[WORK TO BE COMPLETED] The line containing "Kai Wiechmann Liegenauflage" marks the start; extract exactly from it through the last line of the entries, and omit any pictures.

Start of RECORDS TO PROCESS

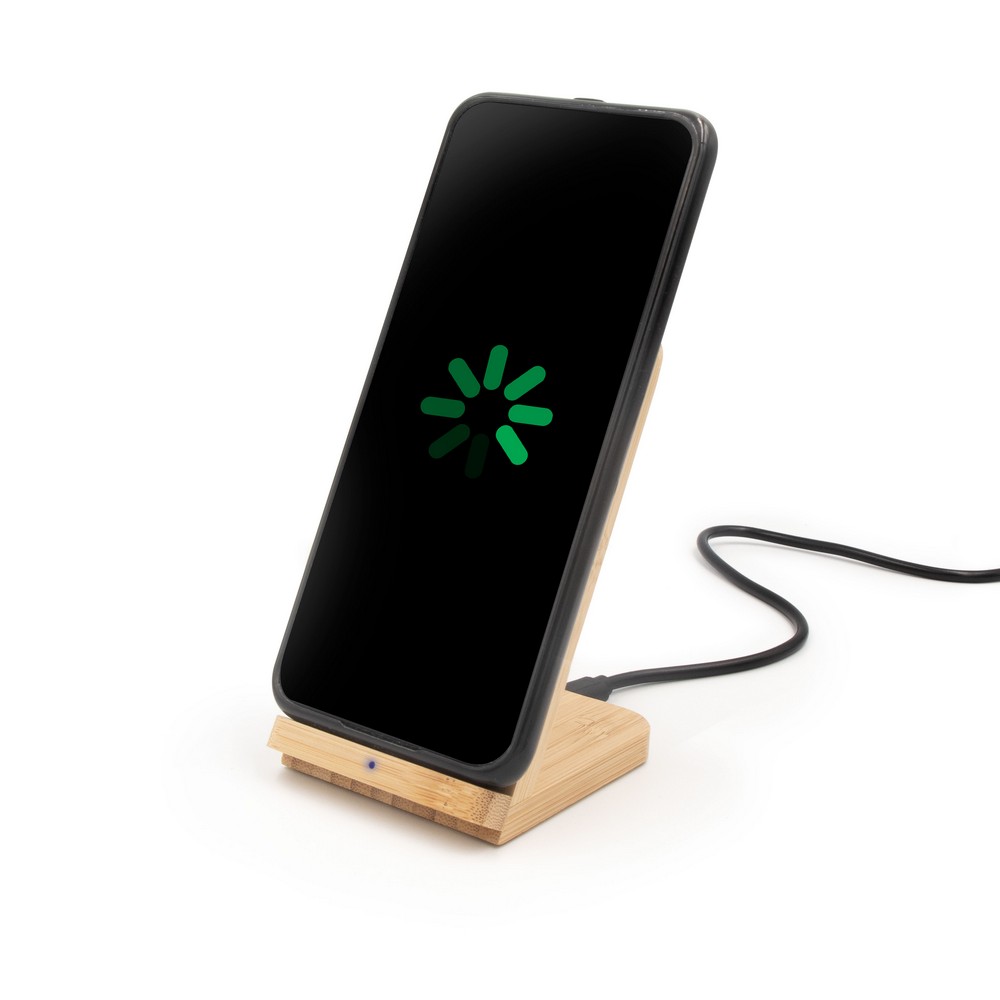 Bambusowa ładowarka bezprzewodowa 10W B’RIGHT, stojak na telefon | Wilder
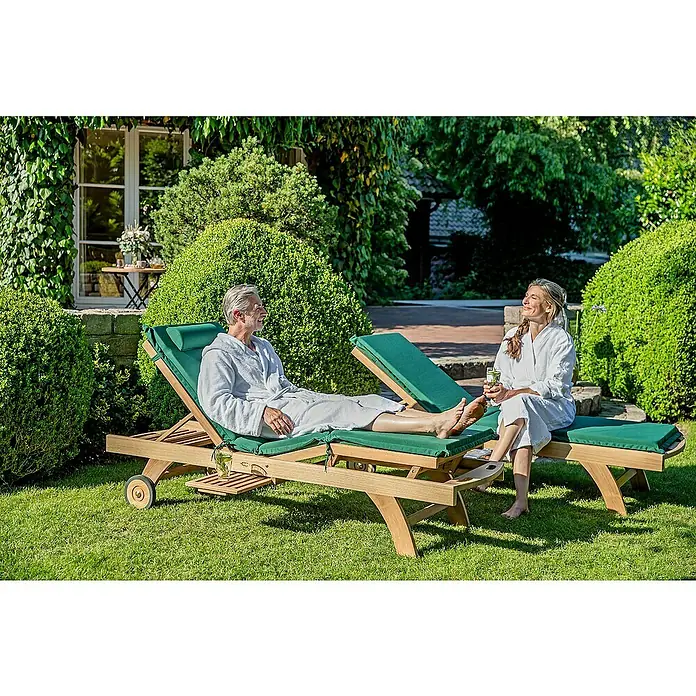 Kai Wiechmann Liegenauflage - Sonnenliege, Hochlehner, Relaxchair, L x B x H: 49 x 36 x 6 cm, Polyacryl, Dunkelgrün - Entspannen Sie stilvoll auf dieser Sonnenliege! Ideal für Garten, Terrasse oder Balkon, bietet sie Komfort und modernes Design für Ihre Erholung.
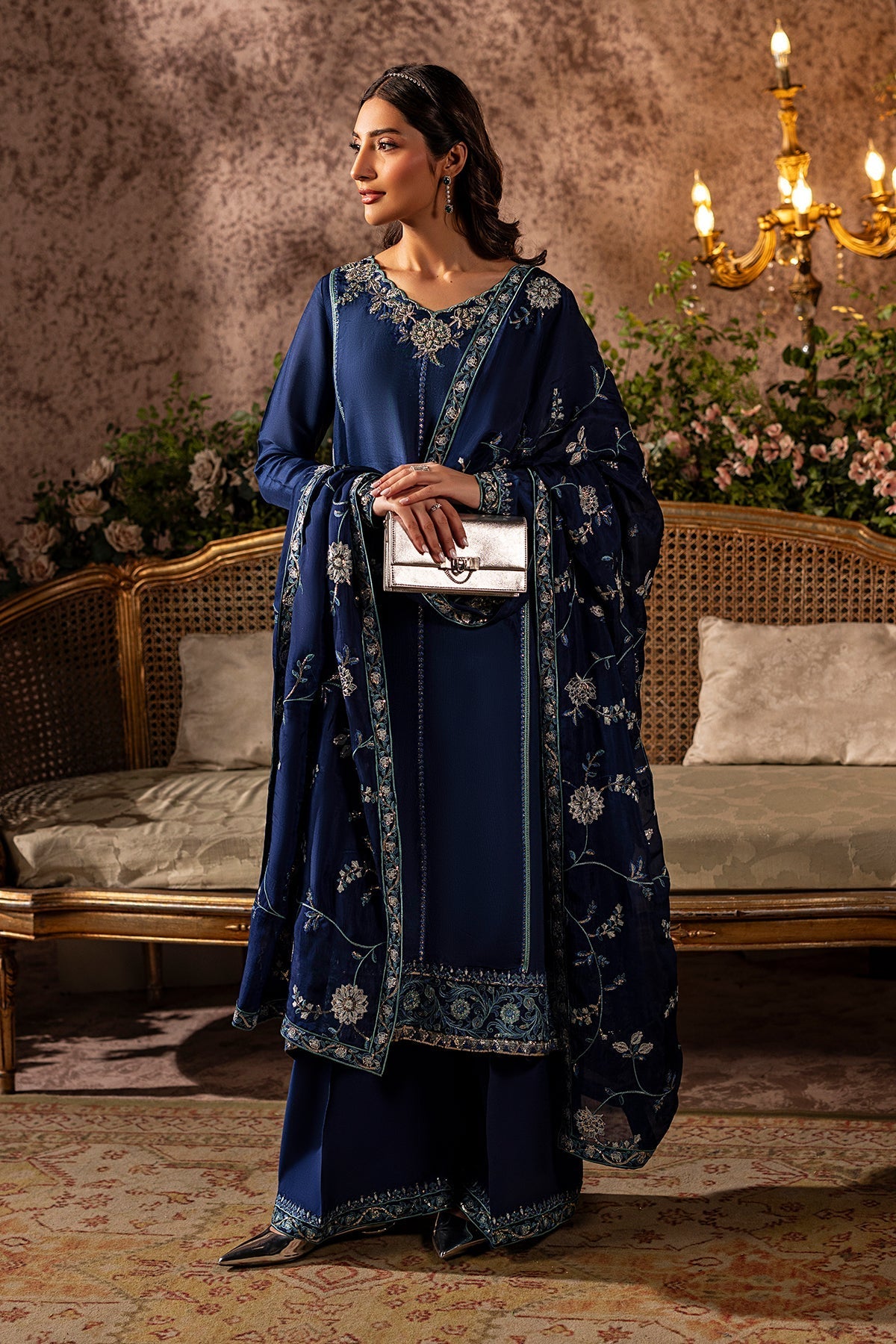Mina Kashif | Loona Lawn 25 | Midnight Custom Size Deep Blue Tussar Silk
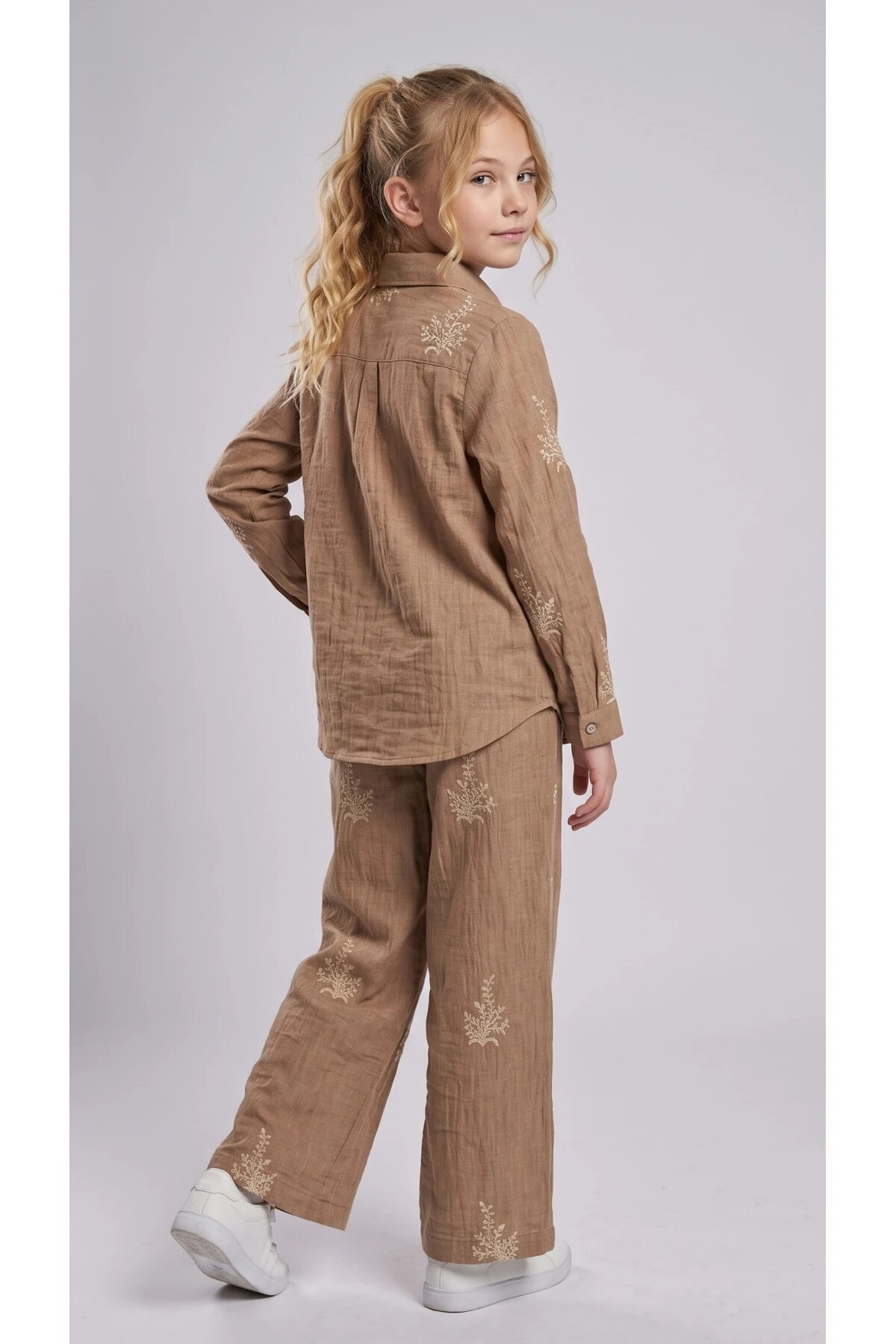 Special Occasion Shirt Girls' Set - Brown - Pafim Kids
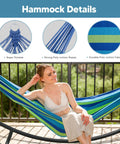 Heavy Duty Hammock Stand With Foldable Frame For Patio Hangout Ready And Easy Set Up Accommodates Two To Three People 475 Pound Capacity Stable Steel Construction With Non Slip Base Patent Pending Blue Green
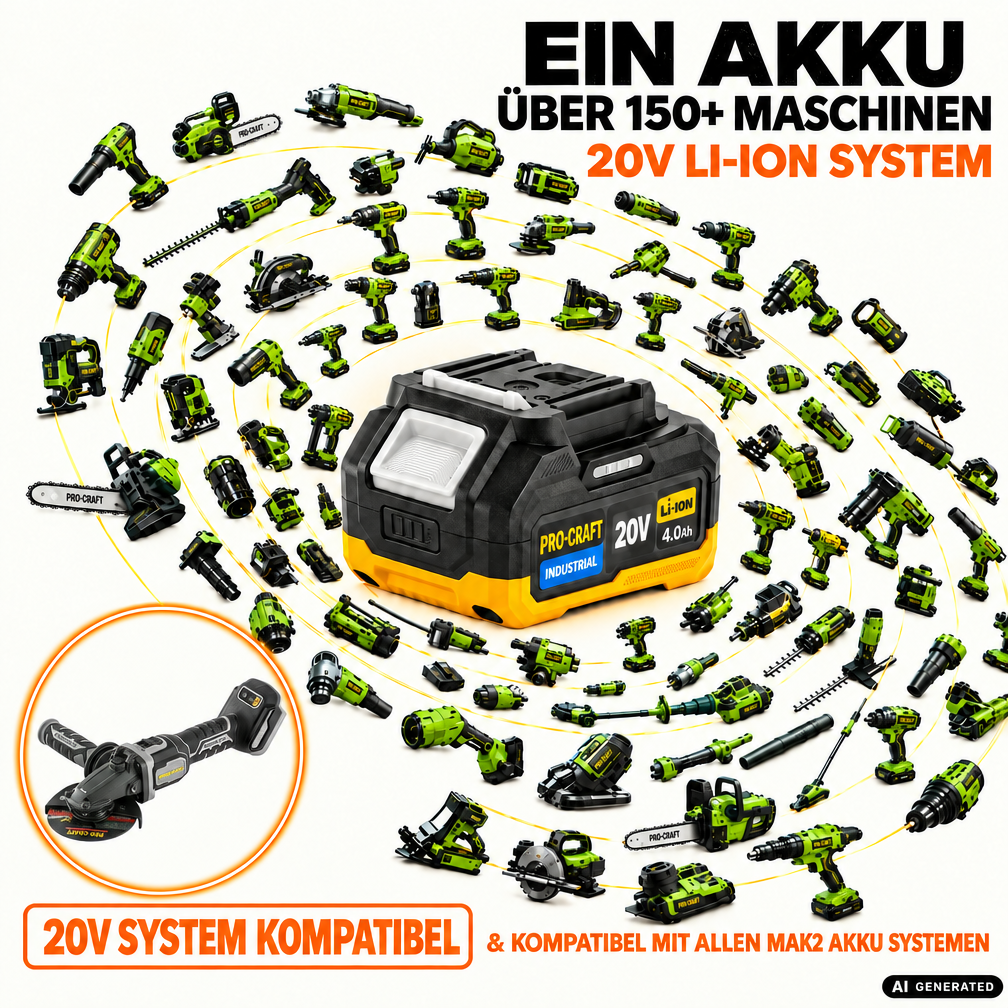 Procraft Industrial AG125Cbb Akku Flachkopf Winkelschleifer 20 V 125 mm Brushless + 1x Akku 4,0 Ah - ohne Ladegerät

End of RECORDS TO PROCESS

[EXERCISE OUTPUT]
 Kai Wiechmann Liegenauflage - Sonnenliege, Hochlehner, Relaxchair, L x B x H: 49 x 36 x 6 cm, Polyacryl, Dunkelgrün - Entspannen Sie stilvoll auf dieser Sonnenliege! Ideal für Garten, Terrasse oder Balkon, bietet sie Komfort und modernes Design für Ihre Erholung.
Mina Kashif | Loona Lawn 25 | Midnight Custom Size Deep Blue Tussar Silk
 Special Occasion Shirt Girls' Set - Brown - Pafim Kids
 Heavy Duty Hammock Stand With Foldable Frame For Patio Hangout Ready And Easy Set Up Accommodates Two To Three People 475 Pound Capacity Stable Steel Construction With Non Slip Base Patent Pending Blue Green
 Procraft Industrial AG125Cbb Akku Flachkopf Winkelschleifer 20 V 125 mm Brushless + 1x Akku 4,0 Ah - ohne Ladegerät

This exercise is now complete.